**Task objective:** In the records below, find the line with "2013 Volkswagen Touareg", then copy each line exactly until you have copied the line with "1255 Granby St, Aurora, CO 80011". Leave any picture out.

**The records:**

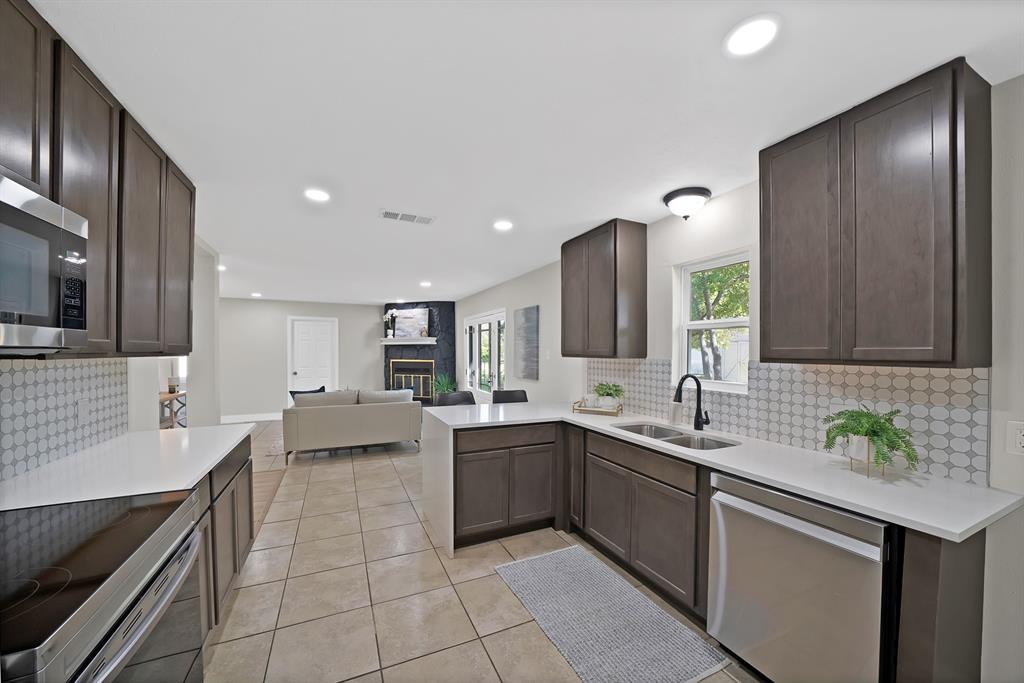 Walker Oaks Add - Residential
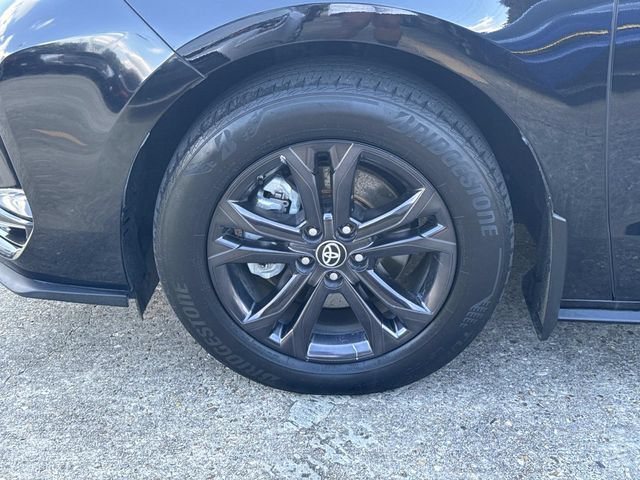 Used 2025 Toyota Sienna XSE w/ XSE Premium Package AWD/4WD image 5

...

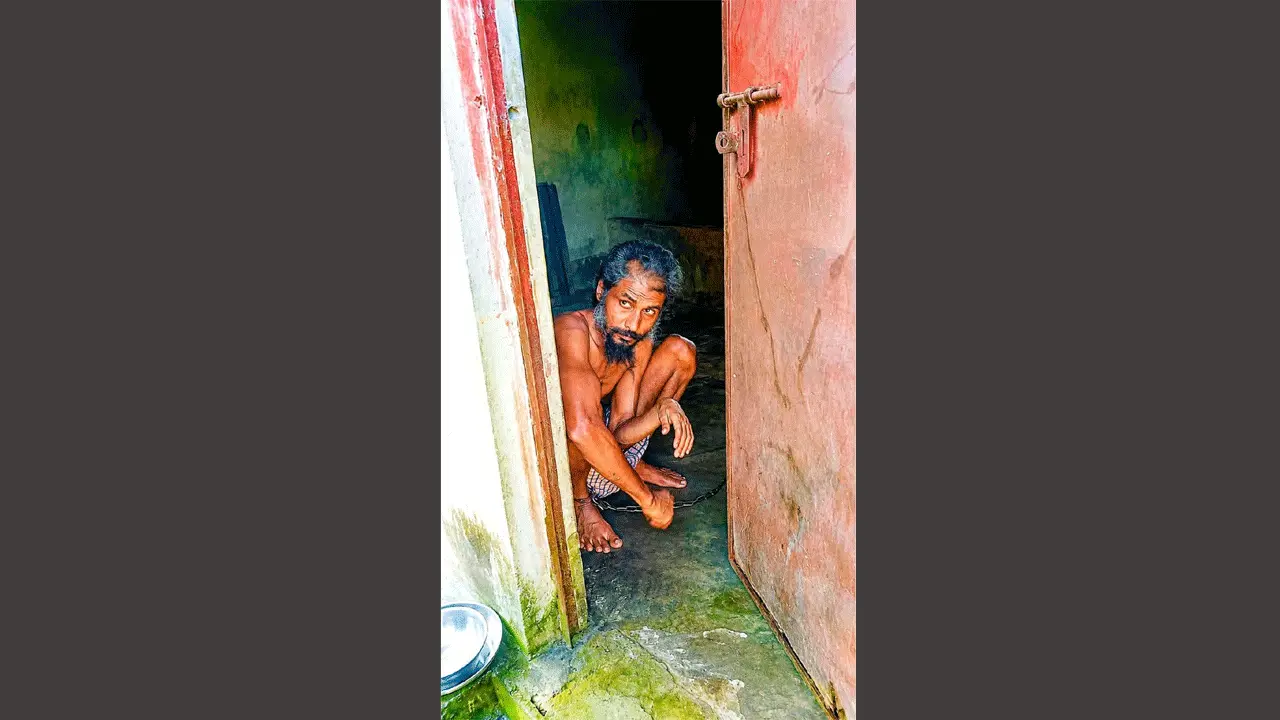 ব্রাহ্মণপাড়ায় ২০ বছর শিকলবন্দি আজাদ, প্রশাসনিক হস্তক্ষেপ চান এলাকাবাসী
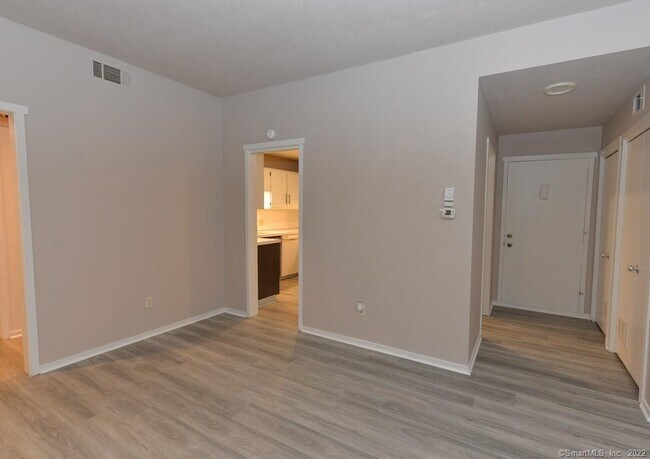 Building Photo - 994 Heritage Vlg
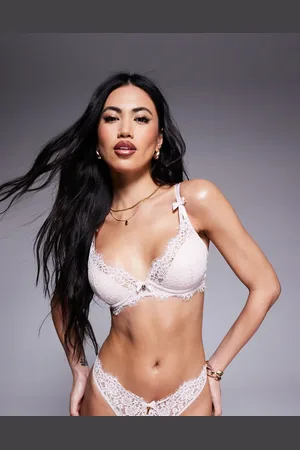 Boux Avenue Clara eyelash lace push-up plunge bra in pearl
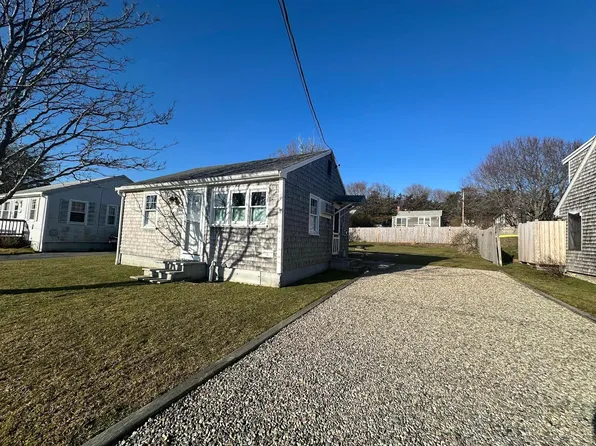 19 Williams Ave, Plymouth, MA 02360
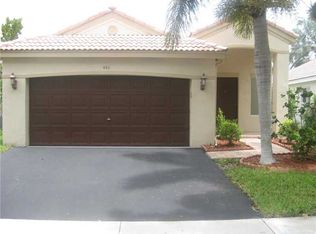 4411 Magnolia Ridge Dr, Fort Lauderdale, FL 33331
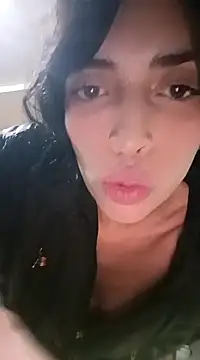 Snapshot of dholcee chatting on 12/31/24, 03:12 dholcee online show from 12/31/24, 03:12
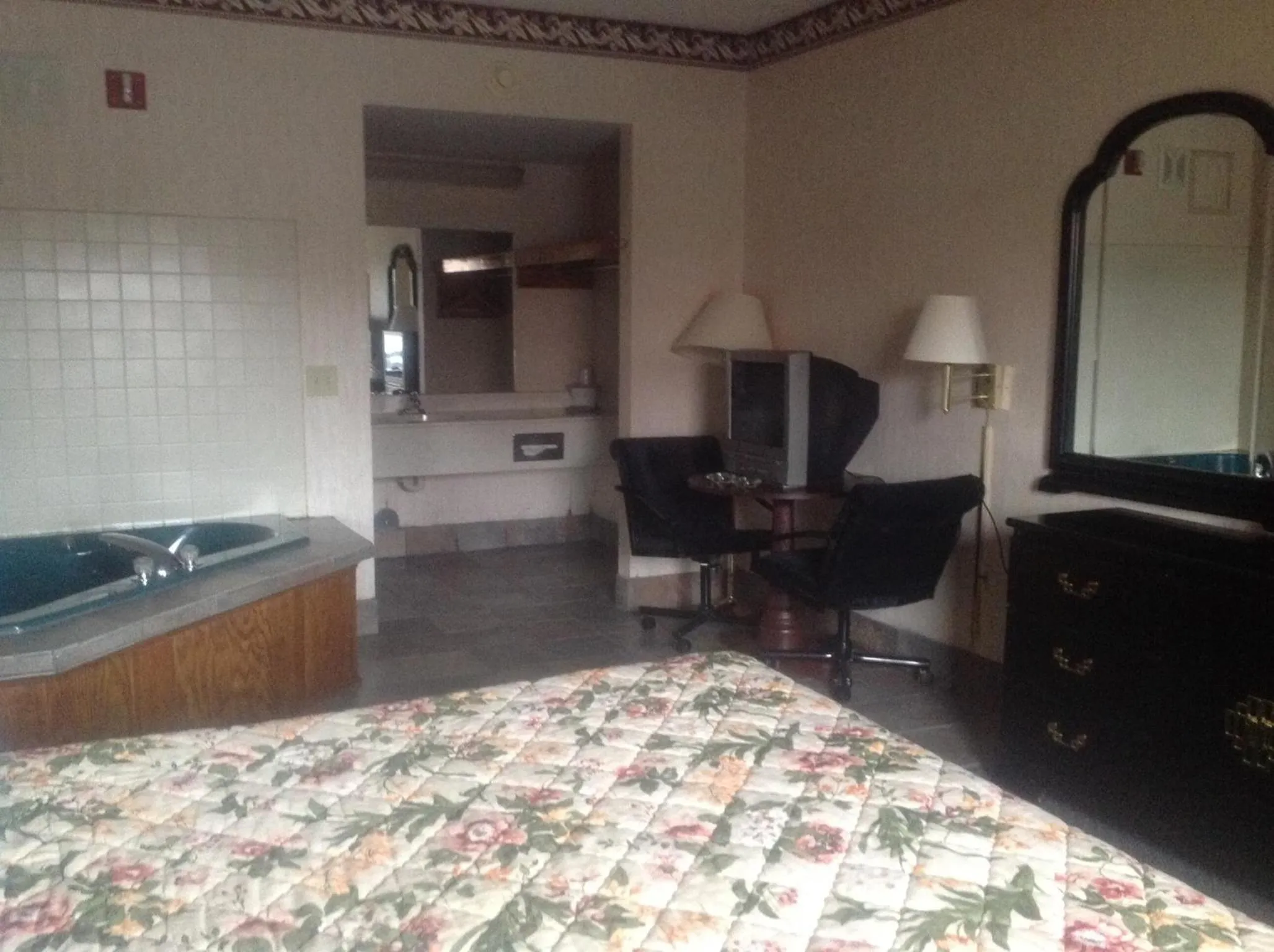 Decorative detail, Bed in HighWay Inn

---

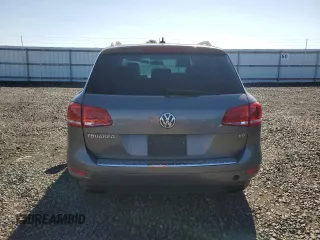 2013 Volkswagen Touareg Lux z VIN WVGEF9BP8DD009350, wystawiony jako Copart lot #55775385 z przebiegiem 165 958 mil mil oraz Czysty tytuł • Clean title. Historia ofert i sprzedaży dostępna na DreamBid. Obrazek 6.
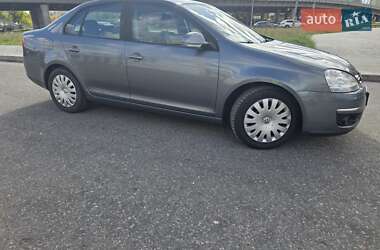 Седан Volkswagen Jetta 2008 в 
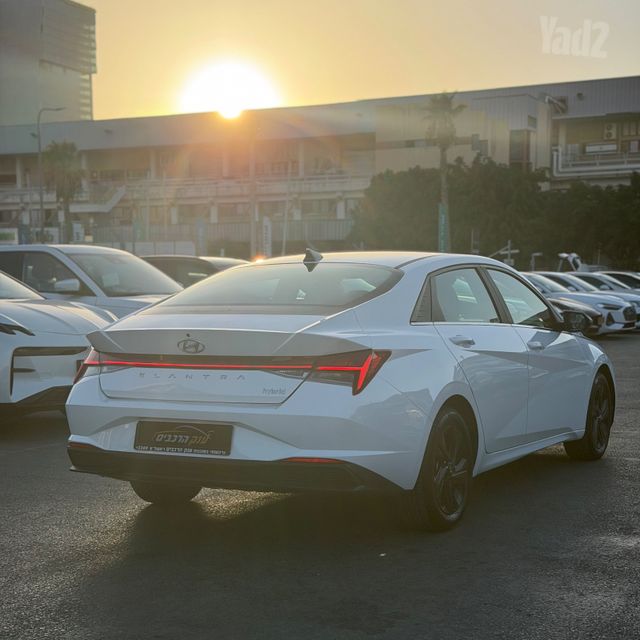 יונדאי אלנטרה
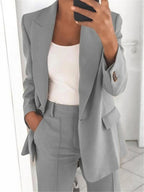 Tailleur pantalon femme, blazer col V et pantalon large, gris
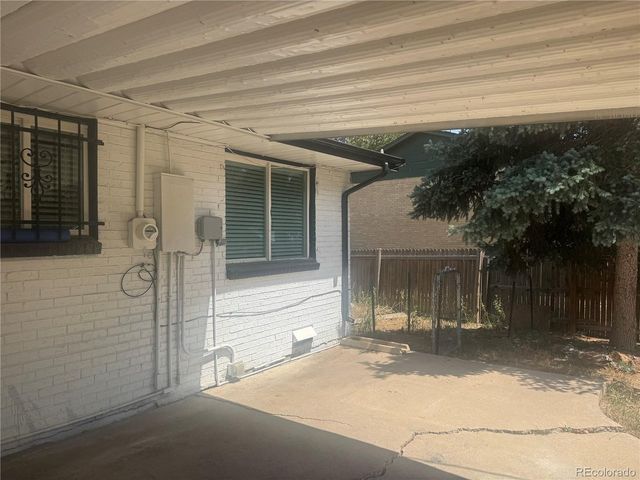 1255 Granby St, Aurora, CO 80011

**The answer:**
 2013 Volkswagen Touareg Lux z VIN WVGEF9BP8DD009350, wystawiony jako Copart lot #55775385 z przebiegiem 165 958 mil mil oraz Czysty tytuł • Clean title. Historia ofert i sprzedaży dostępna na DreamBid. Obrazek 6.
 Седан Volkswagen Jetta 2008 в 
 יונדאי אלנטרה
 Tailleur pantalon femme, blazer col V et pantalon large, gris
 1255 Granby St, Aurora, CO 80011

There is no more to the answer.